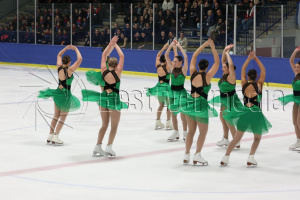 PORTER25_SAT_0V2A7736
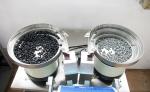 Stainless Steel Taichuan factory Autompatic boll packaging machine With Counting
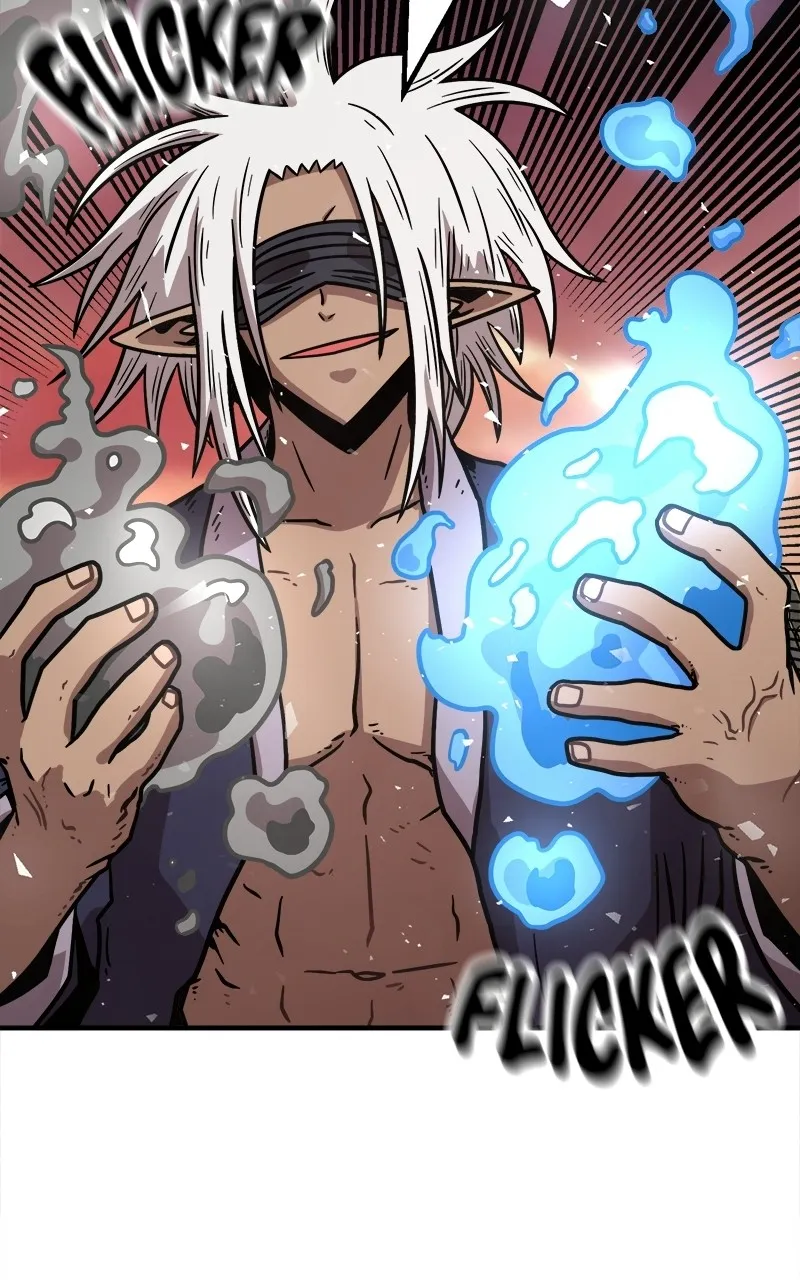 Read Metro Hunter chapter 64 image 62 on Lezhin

▶ [AIM OF THE EXERCISE]: What is needed is an exact copy of all the data, with no images in it.

▶ [EXERCISE ANSWER]:
 PORTER25_SAT_0V2A7736
 Stainless Steel Taichuan factory Autompatic boll packaging machine With Counting
 Read Metro Hunter chapter 64 image 62 on Lezhin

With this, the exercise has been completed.